Open VAR senza contraddittorio: il limite strutturale
Il nodo centrale, evidenziato anche da Repubblica, è l’assenza di un vero contraddittorio. In studio manca un confronto tecnico serrato, una voce esterna capace di incalzare, di porre domande scomode.
Il risultato è un racconto unidirezionale. Le decisioni vengono spiegate, raramente messe in discussione. Quando emergono incongruenze, la sensazione è quella di giustificazioni che cercano di rattoppare il sistema più che analizzarlo in profondità.
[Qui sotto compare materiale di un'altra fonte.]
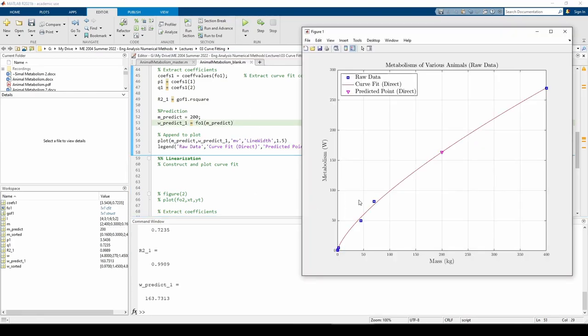The predicted point lies on the best fit line. For a 200 kilogram animal, we should predict a metabolism of about 164 watts. We did all of this using the direct method. Now let's see if we can replicate these results by linearizing the data.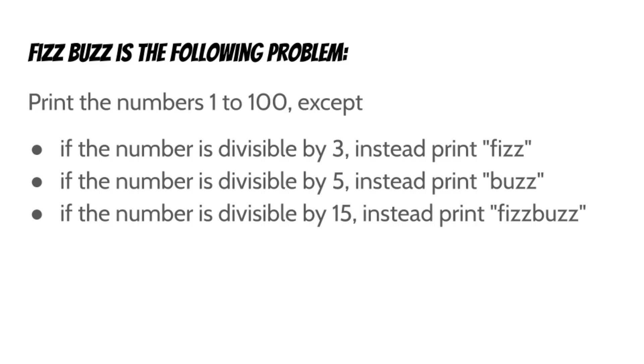FizzBuzz is the following problem. Print the numbers 1 to 100, except if the number is divisible by 3, instead print Fizz. If the number is divisible by 5, instead print Buzz. And if the number is divisible by 15, instead print FizzBuzz.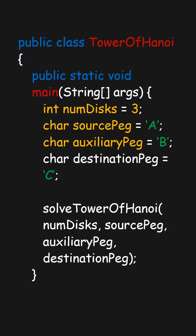In this code, we solve the Tower of Hanoi problem for a number of disks, specified as three here, using three pegs: A, B, and C.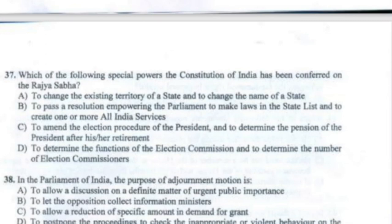Question 37: Which of the following special powers has the Constitution of India conferred to the Rajya Sabha? The correct answer is Option B — to pass a resolution empowering the Parliament to make laws in the state list and to create one or more all India services.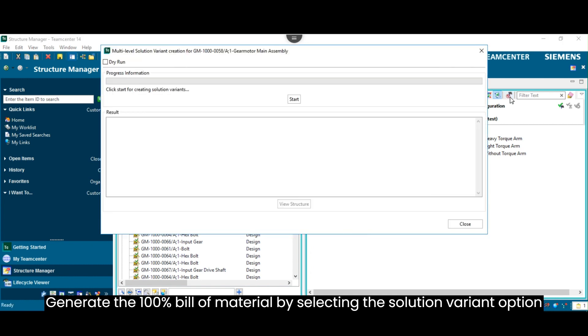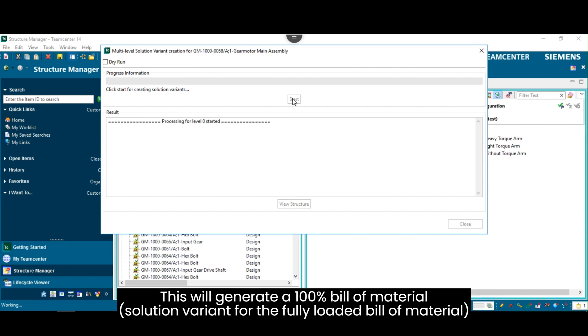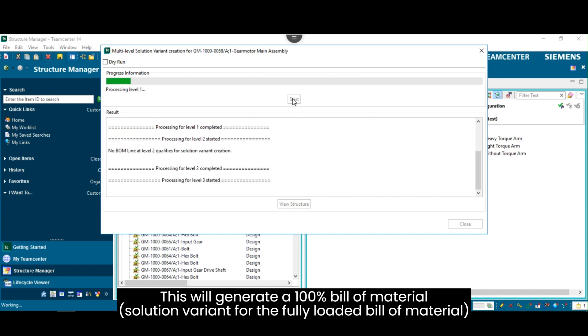Generate the 100% bill of material by selecting the Solution Variant option. This will generate a 100% bill of material Solution Variant for the fully loaded bill of material.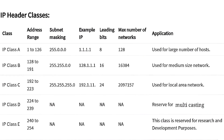Class B is used for medium-sized networks. Class C is used for local area networks, or LANs. Class D is reserved for multicasting. Class E is reserved for research and development purposes.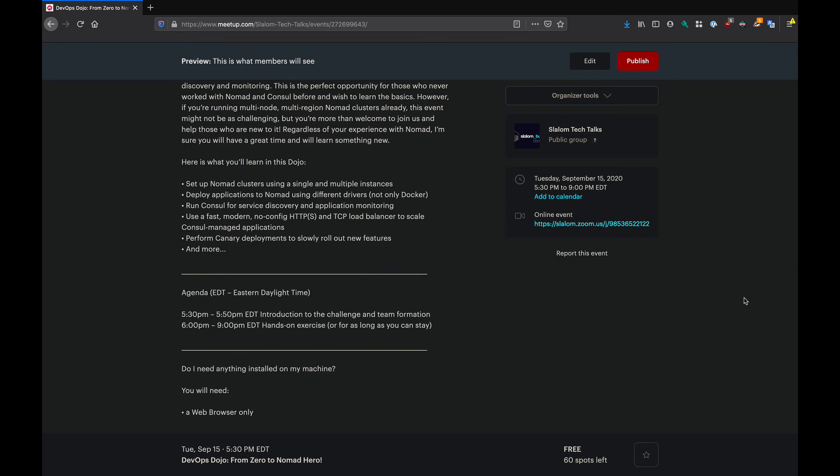So that's it. If you want to participate in this event, if you're excited about learning Nomad, you just need to join our meetup.com group. I'm going to leave the link to the event in the description of this video, and then you just need to RSVP. And this is going to be an online event, so you can join us from wherever you are.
Se Open VAR nasce come strumento di chiarezza, dovrebbe accettare il confronto. Altrimenti rischia di trasformarsi in un megafono istituzionale, percepito più come difesa corporativa che come analisi trasparente.
Il problema non è il VAR, ma la coerenza
Il punto, come sottolineano molti dirigenti e allenatori, non è demonizzare il VAR. La tecnologia resta un supporto prezioso. Il problema è l’interpretazione, la soglia di intervento, la costanza nei criteri.
Quando il pubblico fatica a comprendere perché in un caso si intervenga e in un altro no, la questione non è tecnica ma culturale. La fiducia si incrina.
Open VAR avrebbe l’opportunità di colmare questo divario, di spiegare non solo cosa è stato deciso, ma perché una linea viene mantenuta nel tempo. Senza questa coerenza narrativa e operativa, ogni spiegazione rischia di sembrare episodica.
Una credibilità da ricostruire
Il calcio italiano sta vivendo settimane di forte tensione sul fronte arbitrale. Le big di Serie A chiedono riforme, maggiore uniformità, persino modelli alternativi come il VAR a chiamata.
In questo contesto, Open VAR potrebbe essere uno strumento strategico per rafforzare la credibilità del sistema. Ma per riuscirci serve un cambio di passo: più confronto, meno autoreferenzialità, più chiarezza nei criteri.